Restate all entries exactly. Skip the images.

_Dataset_.
----
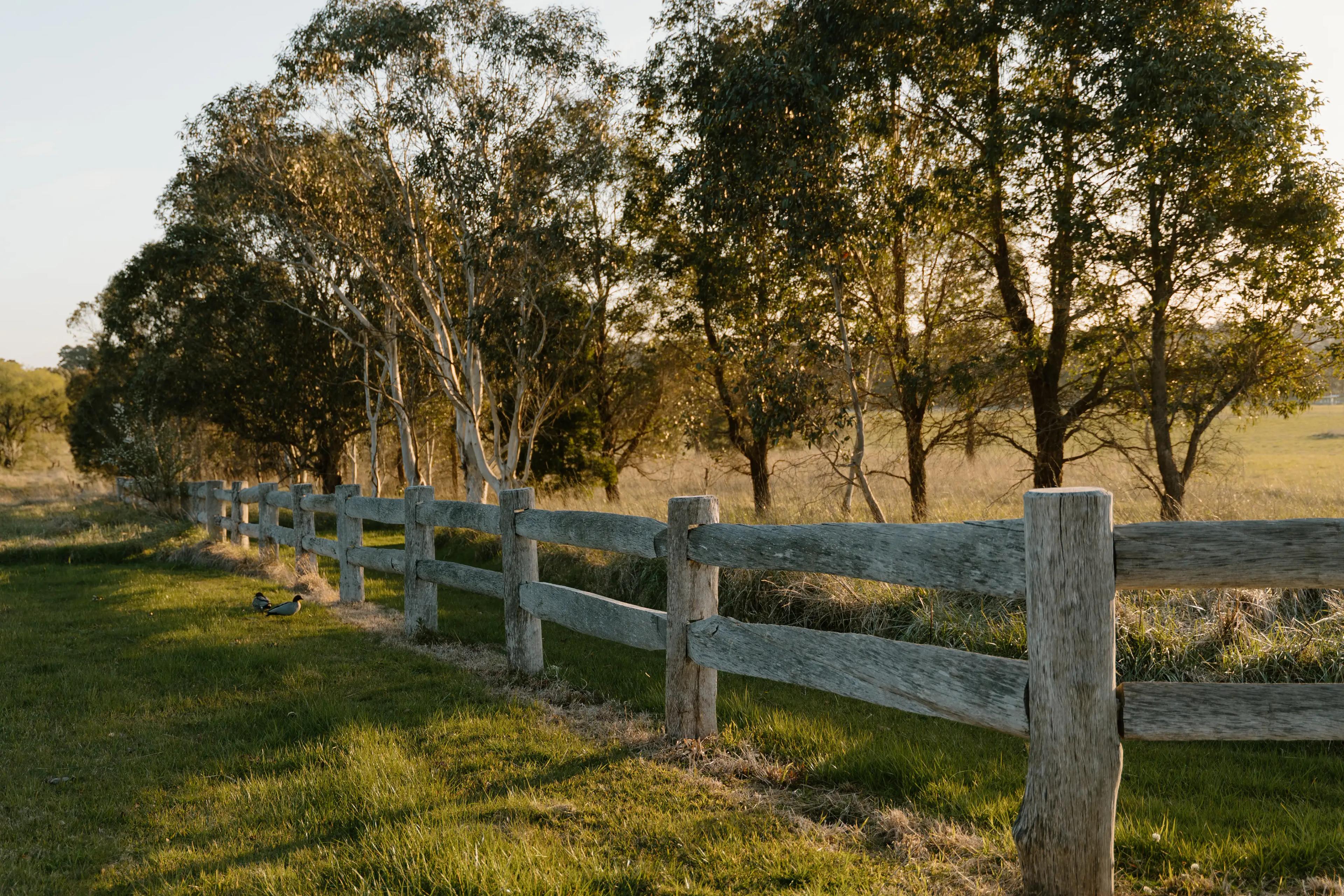 And old timber fence, two ducks and gum trees along a grass lawn in the afternoon sun.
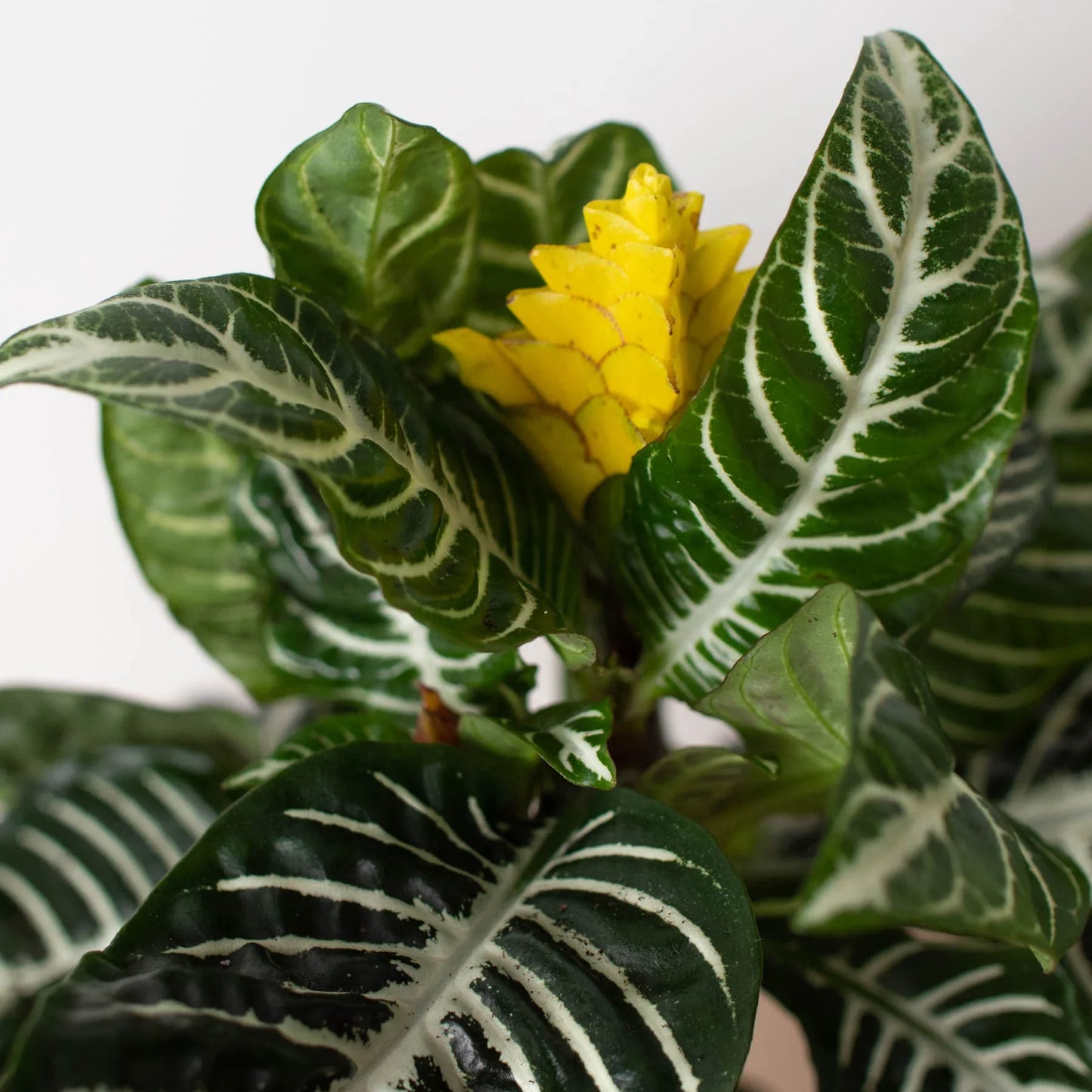 Zebra 'Aphelandra'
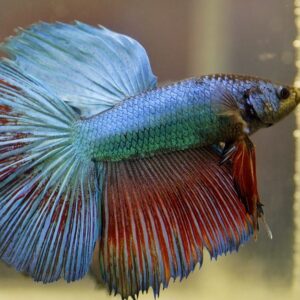 https://www.pecesbogota.com/wp-content/uploads/2024/02/prod-Betta-macho2-300x300.jpg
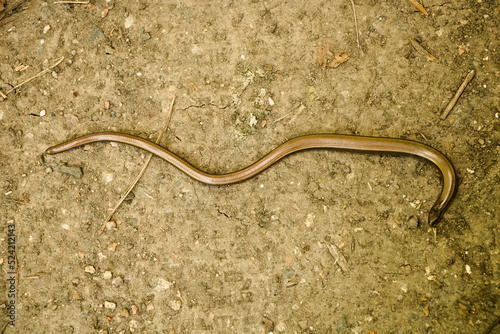 slow worm on a dirt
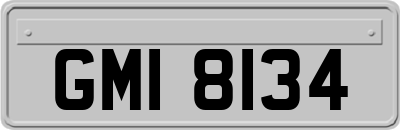 GMI8134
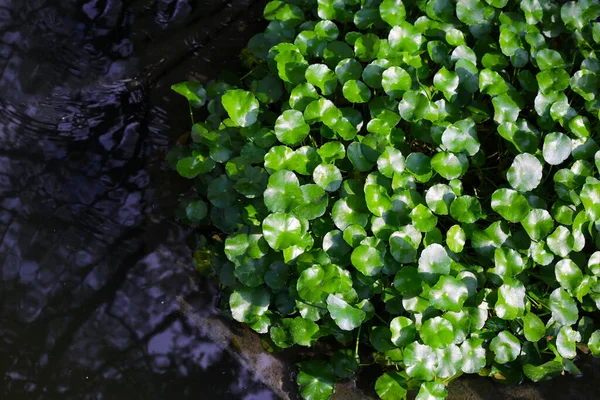 Gotu kola, Asya pennywort, Hint pennywort. Göletteki su bitkisi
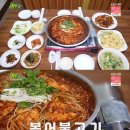 새산호복어 티브이데일리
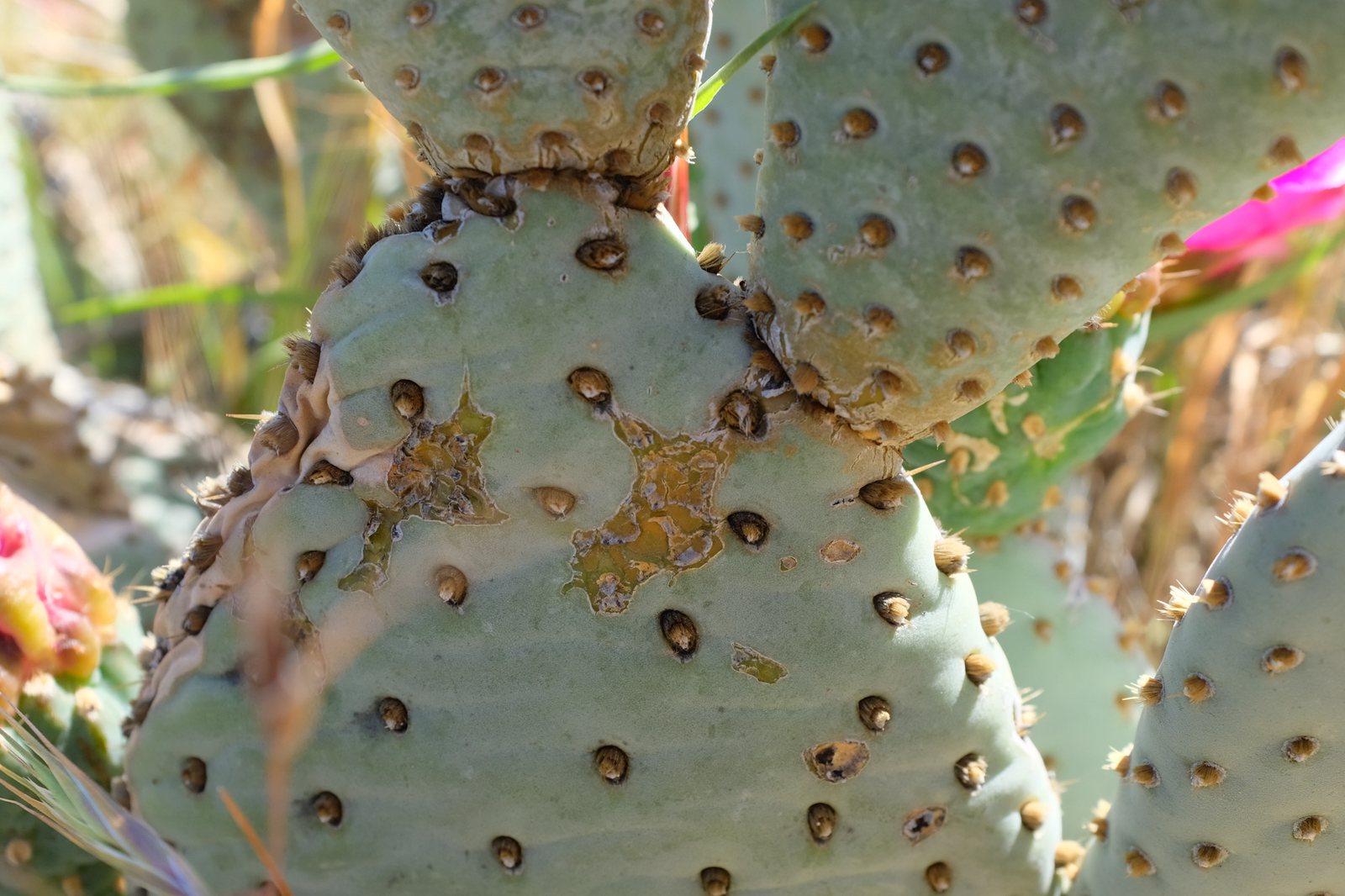 Beavertail cactus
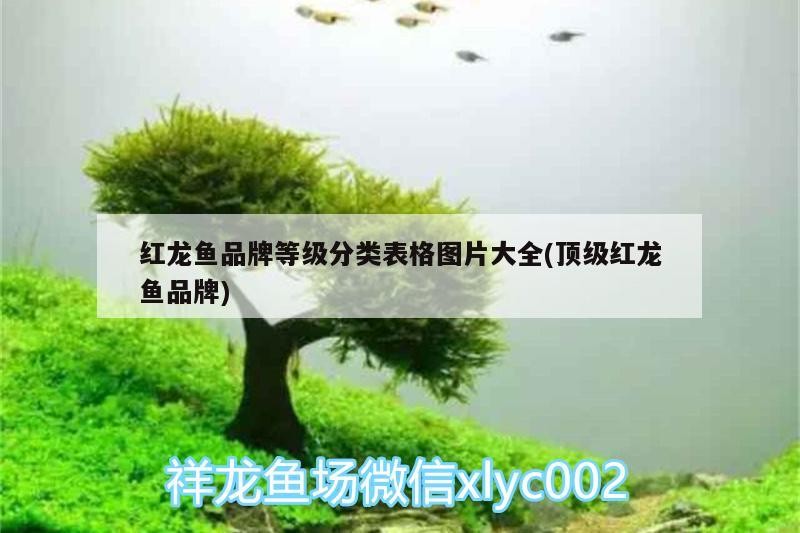 虎魚的營養(yǎng)價值及功效(虎魚有什么營養(yǎng))魚，揭秘其營養(yǎng)價值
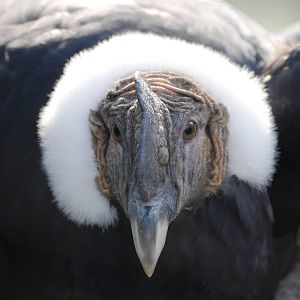 Andean Condor at Pairi Daiza, 31/08/14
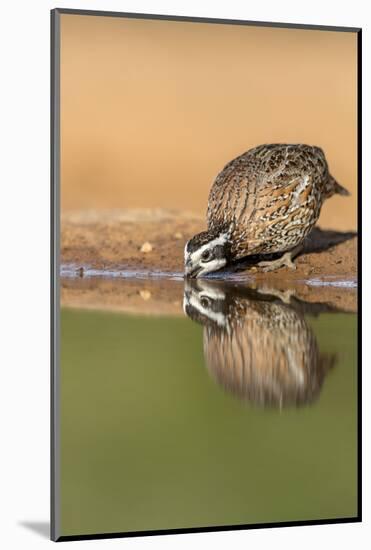 Texas, Gatesville, Santa Clara Ranch. Male Bobwhite Quail Drinking-Jaynes Gallery-Mounted Photographic Print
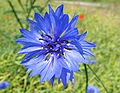 inflorescense, Photo by Kristian Peters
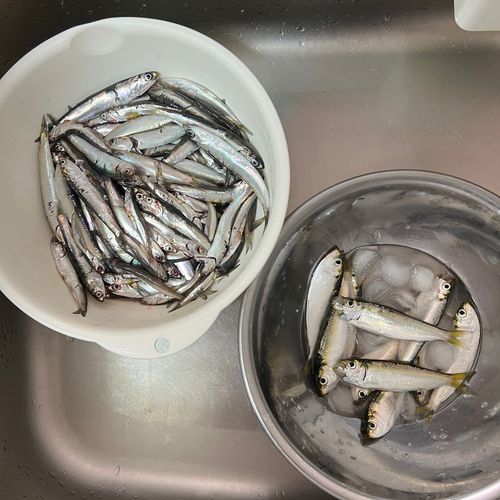 カタクチイワシの釣果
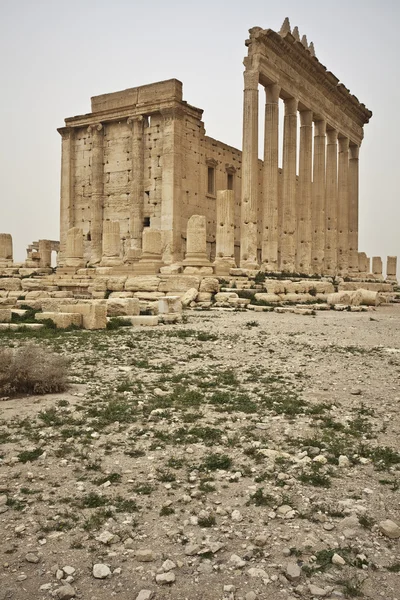 Las ruinas del templo en Palmira — Foto de Stock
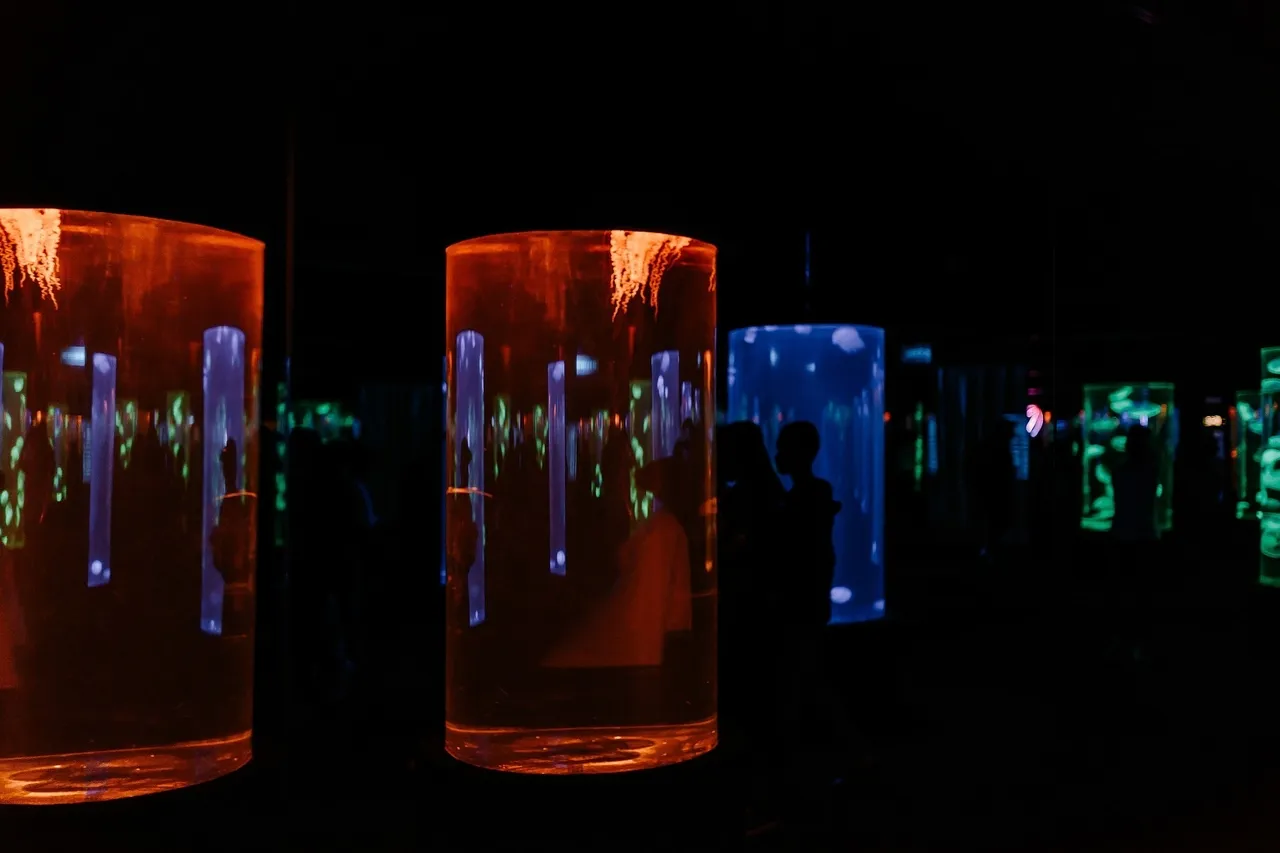 Two Oceans Aquarium20 1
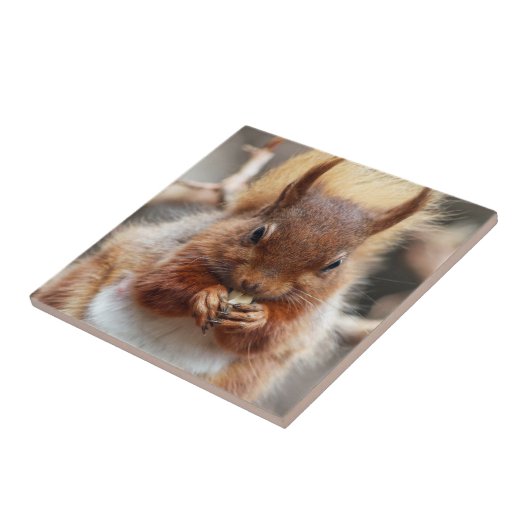 アカリス タイル (側面)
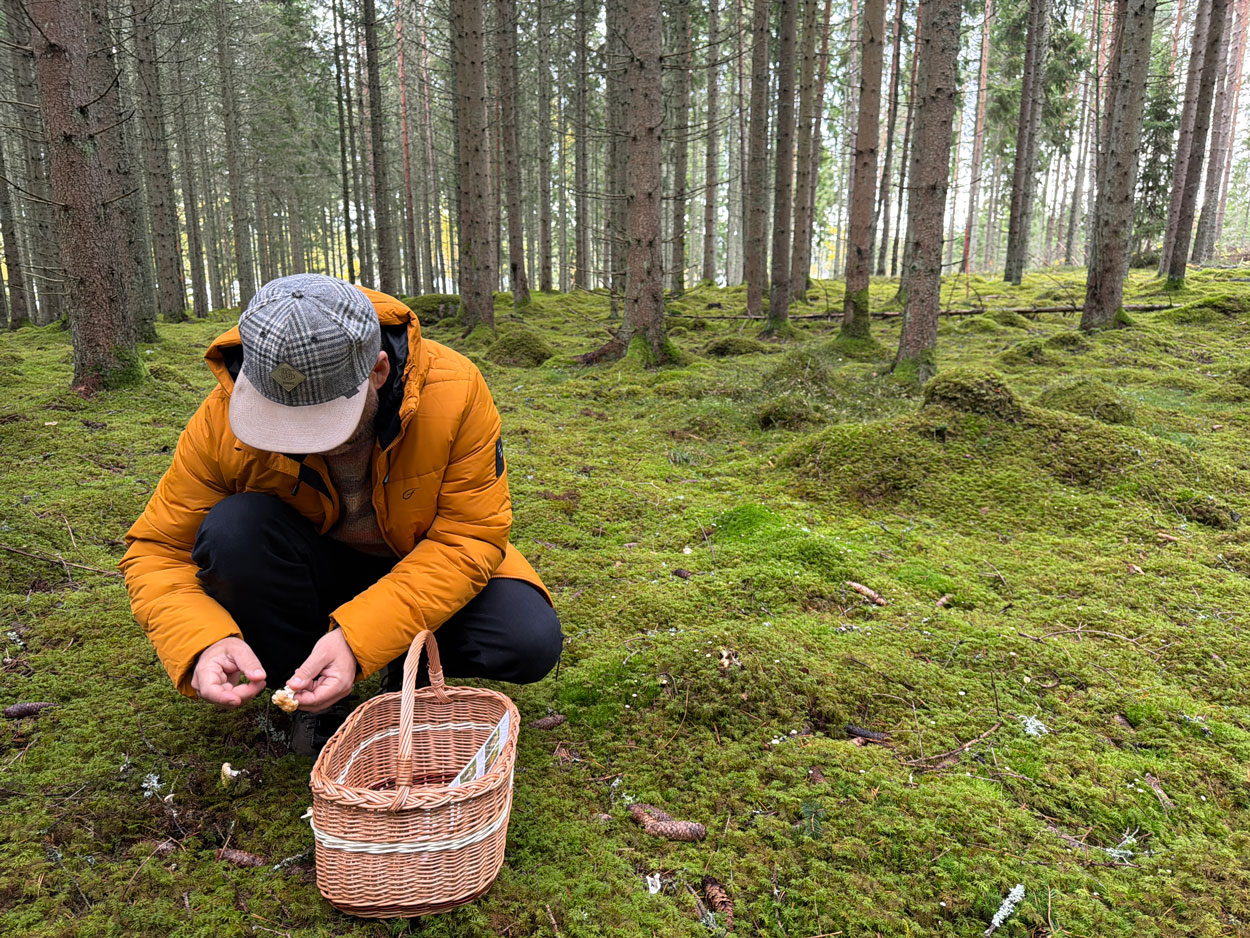 Småland zet het bos steeds nadrukkelijker op het menu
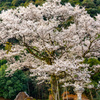 鵜飼桜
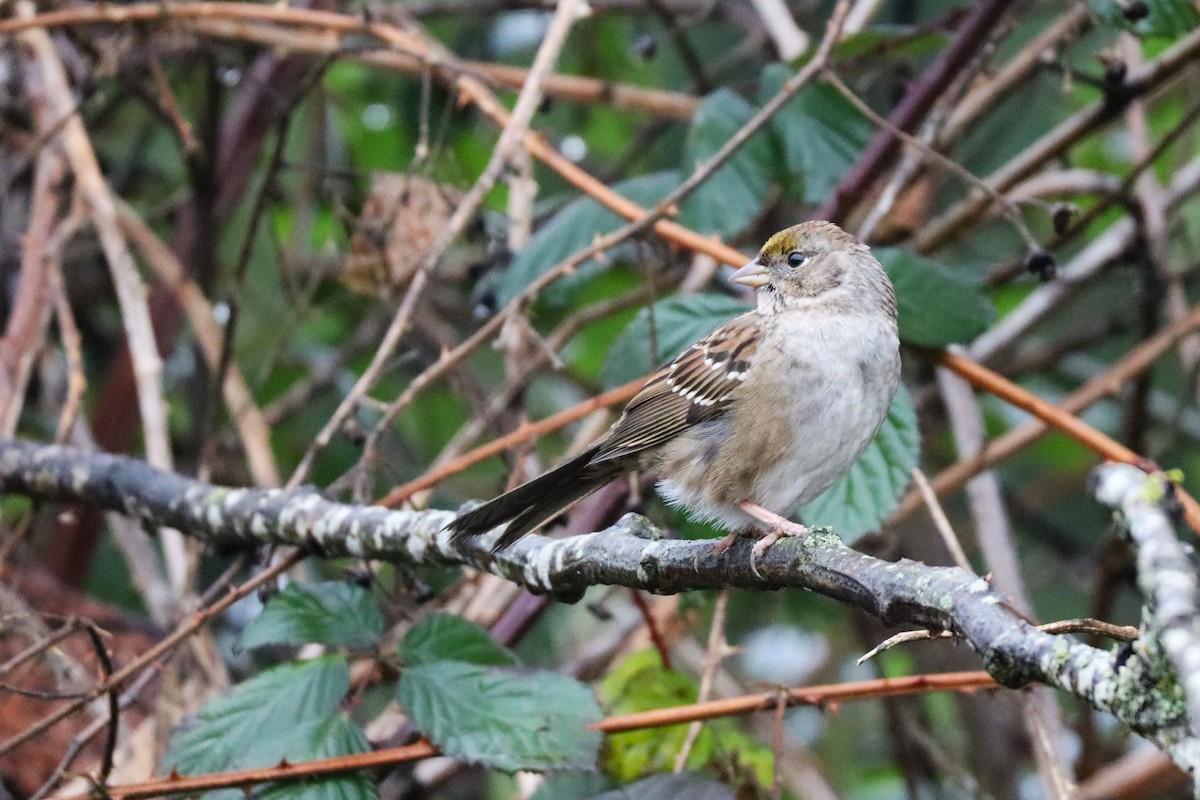 Golden-crowned Sparrow - ML627844423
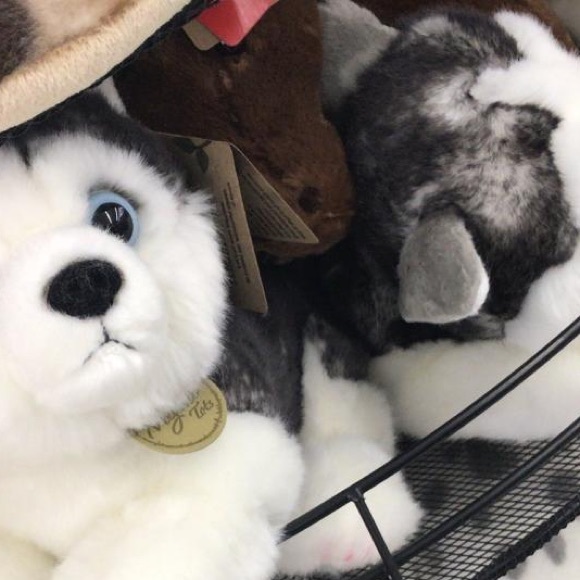 Profile Picture of Michael Anaya (@michaelanaya1) on Poshmark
----
_Exercise result_.
 And old timber fence, two ducks and gum trees along a grass lawn in the afternoon sun.
 Zebra 'Aphelandra'
 https://www.pecesbogota.com/wp-content/uploads/2024/02/prod-Betta-macho2-300x300.jpg
 slow worm on a dirt
 GMI8134
 Gotu kola, Asya pennywort, Hint pennywort. Göletteki su bitkisi
 새산호복어 티브이데일리
 Beavertail cactus
 虎魚的營養(yǎng)價值及功效(虎魚有什么營養(yǎng))魚，揭秘其營養(yǎng)價值
 Andean Condor at Pairi Daiza, 31/08/14
 Texas, Gatesville, Santa Clara Ranch. Male Bobwhite Quail Drinking-Jaynes Gallery-Mounted Photographic Print
 inflorescense, Photo by Kristian Peters
 カタクチイワシの釣果
 Las ruinas del templo en Palmira — Foto de Stock
 Two Oceans Aquarium20 1
 アカリス タイル (側面)
 Småland zet het bos steeds nadrukkelijker op het menu
 鵜飼桜
 Golden-crowned Sparrow - ML627844423
 Profile Picture of Michael Anaya (@michaelanaya1) on Poshmark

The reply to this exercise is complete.